Starting Out a Reading Program for ELL/ESL Students
Tobey Cho Bassoff

One of our readers asked, "How do I begin a reading program for ELL students in my second grade classroom?" I have taken what I do in my fifth grade classroom and adjusted it so that it may fit most any elementary school classroom with ELL students. Each day consists of word work, reading, and a comprehension strategy or writing support. The format is designed for a small group of no more than six students.

Day 1: Introduce students to words from three different word patterns (Ex. -at, -ot, -it)
Give students examples of words that have this pattern: cat, not, and it. Throughout the week lead activities that expose them to this word pattern. For ideas on words or activities, consult Words Their Way (Invernizzi 2003), Spelling Smart (Stowe 2002), and Making More Big Words (Cunningham 1997).

Next, give students a copy of a poem that incorporates the word patterns that you have selected. If you need ideas on poems to select, consult Phonics through Poetry (Hajdusiewicz 1998). You will read the poem aloud. Then have the students read it with you. Finally, have the students whisper read the poem twice. Students will continue to read and discuss that poem each day with the goal of having that poem memorized by Friday. Last, have students whisper read a book with which they are already familiar. Choose one student to be the subject of a running record.

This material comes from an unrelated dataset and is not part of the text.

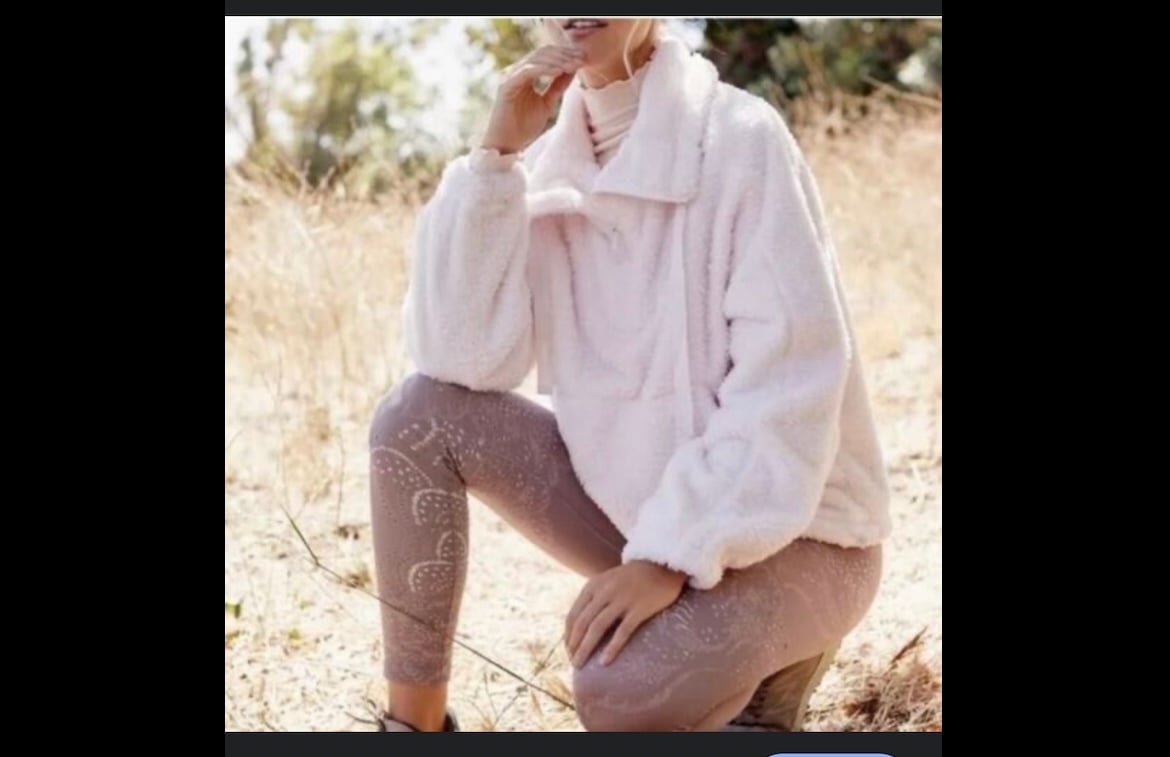 Free People FP movement Big Sky pullover Sherpa 1/4 zip hint of pink L Nice!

Day 2: Revisit the word patterns
Do an activity that emphasizes their familiarity of the word patterns (10-15min). Read and discuss the poem (5 min). Take a running record on a new student (5 min). Before reading a new story, offer students a comprehension strategy for the week, such as "make a prediction." While you're reading a new story, model using that comprehension strategy. Your school should have trade books. If you need ideas, consult Matching Books to Readers (Fountas and Pinnell 1999) and Guiding Readers and Writers Grades 3-6 (Fountas and Pinnell 2001). These resources have the books divided into levels A-Z. Read the new story. If time remains, then have your running record student practice the comprehension strategy.

Day 3: Revisit the word patterns
Do an activity that emphasizes their familiarity of the word patterns (10-15min). Read and discuss the poem (5 min). Take a running record on a new student (5 min). Remind the students of this week's comprehension strategy. Finish reading the book, or if you finished the book from the day before, discuss the book. Have the students practice the comprehension strategy. When you're finished, encourage the students to make the read/write connection. You can have a written question prepared, or you can expose them to a graphic organizer. Each student in my class has a notebook where they do assignments.

Day 4: Revisit the word patterns
Do an activity that emphasizes their familiarity of the word patterns (10-15min). Read and discuss the poem (5 min). Take a running record on a new student (5 min). Remind the students of this week's comprehension strategy. This day I might focus on writing. One activity that I really enjoy doing with the students is a cloze exercise. I take a page from their story and I copy it on the computer. I leave out some of the words and I put blank spaces in their place. We discuss the story and the possible words that could belong in the empty space. By doing this the students practice using synonyms and increase their comprehension skills in the process. Other activities that I have done include summarizing, using graphic organizers, and writing a paragraph with a topic sentence and supporting details.

Day 5: Poem Test
Give each student a chance to recite the poem aloud. Be sure to offer them a chance to read it through on their own and as a class. Take a running record and end for the day. I also use this day as a catch-up day.